President Donald Trump has long declared the Affordable Care Act – commonly called Obamacare – a total disaster, and now his Justice Department will no longer defend the law against a challenge filed by 20 states, according to a brief filed Thursday.

USA Today reports the change comes because the Trump administration is in agreement that the law’s individual mandate is unconstitutional and certain aspects – including the mandatory coverage of preexisting conditions – are invalid.

The move is also a departure from the longstanding norm, USA Today said, in which the executive branch upholds existing laws.

"I am at a loss for words to explain how big of a deal this is," said University of Michigan law professor Nicholas Bagley in a blog post.

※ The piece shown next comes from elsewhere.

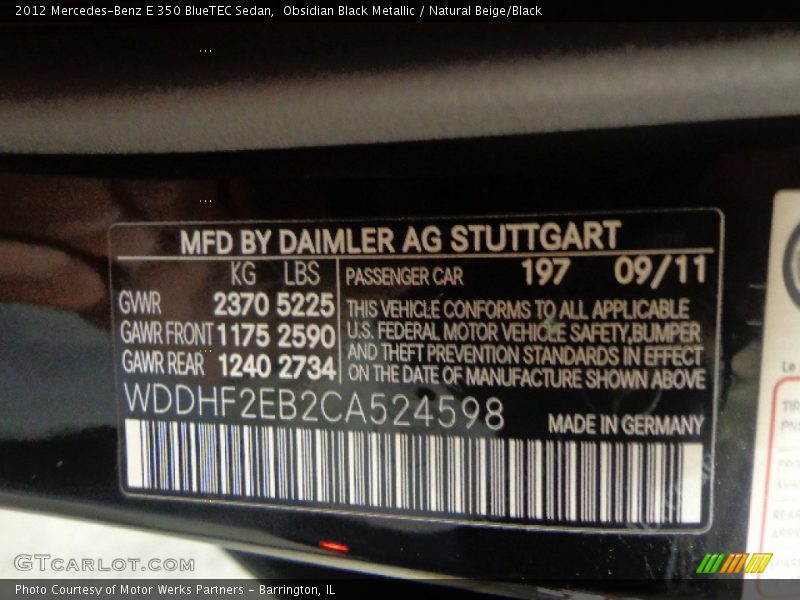Obsidian Black Metallic / Natural Beige/Black 2012 Mercedes-Benz E 350 BlueTEC Sedan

Bagley, a former Justice Department attorney, said the DOJ has a "durable, longstanding, bipartisan commitment" to defending the laws passed by Congress as long as there is a legitimate "non-frivolous" argument to be made in its defense.

"The Justice Department has an obligation to defend the law and it has refused to do so because it dislikes this particular law," Bagley told USA TODAY. The administration decided its "dislike for the Affordable Care Act outweighed its respect for the rule of law."

The attorney general argued in a letter to House Minority leader Nancy Pelosi (D-CA) that the decision is not without precedent:

Attorney General Jeff Sessions acknowledged that "the Executive Branch has a longstanding tradition of defending the constitutionality of duly enacted statutes if reasonable arguments can be made in their defense." But Sessions said this was a "rare case" and not unprecedented.

For example, the Obama administration decided not to defend the Defense of Marriage Act in 2011.

The Justice Department holds that the individual mandate – which was eliminated through the Republican tax plan passed last year – was the sole provision lacking constitutionality.

But Sessions asserted that the provision guaranteeing affordable rates for people with preexisting conditions must be tossed out as well.

"Otherwise individuals could wait until they become sick to purchase insurance, thus driving up premiums for everyone else," Sessions said in his letter to Pelosi.

Both Pelosi and Senate Minority Leader Chuck Schumer (D-NY) immediately condemned the news:

"Tonight, the Trump Administration took its cynical sabotage campaign of Americans’ health care to a stunning new low," Pelosi said in a statement. "Once again, Republicans are trying to destroy protections for Americans with pre-existing conditions. The Trump Administration is perpetuating the same cruel vision of higher costs and less coverage that House Republicans voted for in the monstrosity of Trumpcare."

"The Trump administration once again is allowing premiums to go up and middle class Americans to pay more," Senate Minority Leader Chuck Schumer said in a tweet. "The ACA is the law of the land and DOJ should defend it."

Should the court concur with the Justice Department’s position on the preexisting condition provision, millions of Americans could be adversely impacted – before the ACA came online, those with preexisting conditions were routinely denied health insurance coverage.

The move could also drive up insurance premiums across the board:

While the case still must play out before the nation’s high court, the Justice Department’s decision to not defend the law could create some uncertainty for health insurers that sell plans on the Affordable Care Act marketplace, according to Larry Levitt, a Kaiser Family Foundation senior vice president who closely monitors the health law.

"When insurance companies face uncertainty, they increase premiums," Levitt tweeted Thursday evening.

The Trump administration’s move resulted in another unusual occurrence as well:

The Washington Post reported that three career Justice attorneys involved in the case — Joel McElvain, Eric Beckenhauer and Rebecca Kopplin — withdrew before the filing at 6 p.m. Thursday, an unusual time for such an action.

Bagley said, "That’s almost unheard of. These are lawyers who have made arguments they personally disagreed with countless times. They’re civil servants. They’re good soldiers. Yet they could not sign it. That’s how far out the administration’s position is."